Le Guin wrote five unpublished novels and one published before her editor suggested that she try her hand at something aimed at young adults.

The result was 1968's "The Wizard of Earthsea," a novel about a young wizard going through his training, years before Harry Potter came along. It was followed by two more books, forming a trilogy. More than ten years later, she added two more books to the series.

While Harry Potter and the Lord of the Rings books by JRR Tolkien – which were an inspiration – focused on the struggle between good and evil, Le Guin's worlds were much more nuanced.

A long-time student of Taoism, Le Guin's characters were often trying to find a balance.

The year after the first Earthsea book, she published perhaps most acclaimed novel, The Left Hand of Darkness.

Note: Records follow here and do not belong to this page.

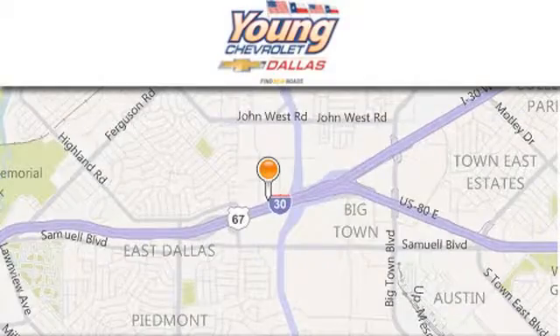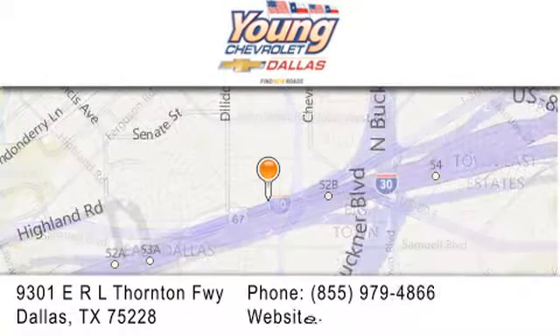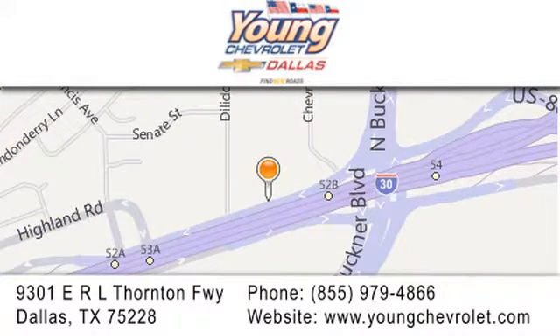Thank you for considering Young Chevrolet for your next vehicle. If you have any questions, please visit us at youngchevrolet.com. Give us a call or stop by our dealership on East Interstate 30 at the Buckner exit, only 9 miles east of downtown Dallas.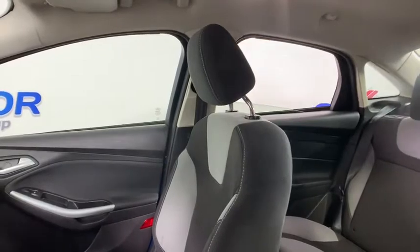This vehicle has less than 95,000 miles. Here are some of this vehicle's great options.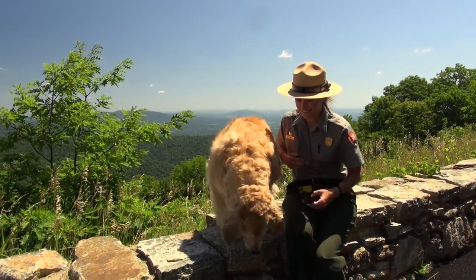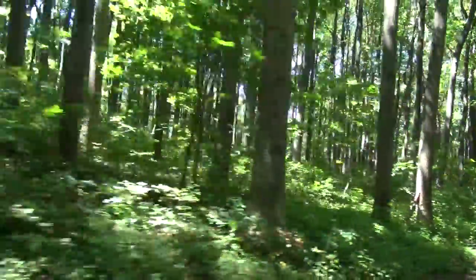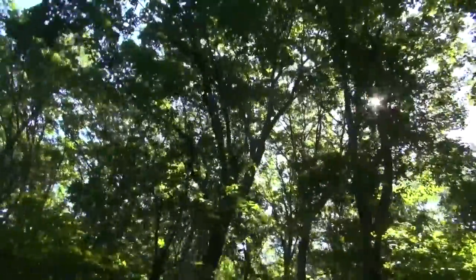I got to sit and talk with this park ranger and she let me take pictures with her. She was smart and really nice. I think the best idea for this video is to just let you enjoy the ride.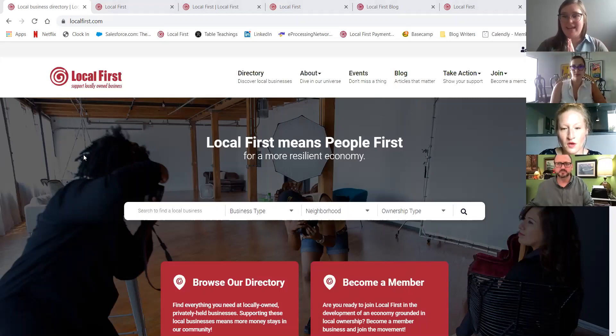Welcome everyone. Today has been a long time in the making. We are really excited to walk you through the new LocalFirst.com. I'm going to let our marketing director speak more to how this has come to be, but we are really excited to be launching this tool for you, alongside you, and getting it up and running. Before we begin, I want to make sure folks know who we have here, who's going to be helping us walk through the website.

Le Guin was born in Berkley in 1929. Her father, Alfred Keoeber, who recorded Native American oral histories and started the anthropology department there while her mother, Theodora, was like-minded and wrote a book, Ishi in Two Worlds, about the last member of the Yahi tribe in California and his encounters with people.

After getting degrees at Radcliffe and Columbia University, she moved to Paris on a Fulbright Scholarship. There, she met another scholar who would become her husband, Charles Le Guin. They moved to Portland in the late 50s where they stayed for the next 60 years. While she wrote, he taught at Portland State University..

Asked once why she had settled on fantasy as the setting for much of her work, Le Guin harkened back to Tolkien .

"Fantasy is about power," she told The Guardian in 2005. "Just look at Tolkien. It's a means to examine what it does to the person who has it, and to others. If you cannot or will not imagine the results of your actions, there's no way you can act morally or responsibly.

"Little kids can't do it; babies are morally monsters - completely greedy. Their imagination has to be trained into foresight and empathy."

She was a staunch defender of science fiction and fantasy and would use her blog to take on authors who would write in those genres without acknowledging it.

When Kazuo Ishiguro came out with his novel, The Buried Giant, he said that he hoped people wouldn't consider it fantasy (it has a giant, a dragon, and other familiar fantasy elements).

"It appears that the author takes the word for an insult," she wrote. "To me that is so insulting, it reflects such thoughtless prejudice, that I had to write this piece in response.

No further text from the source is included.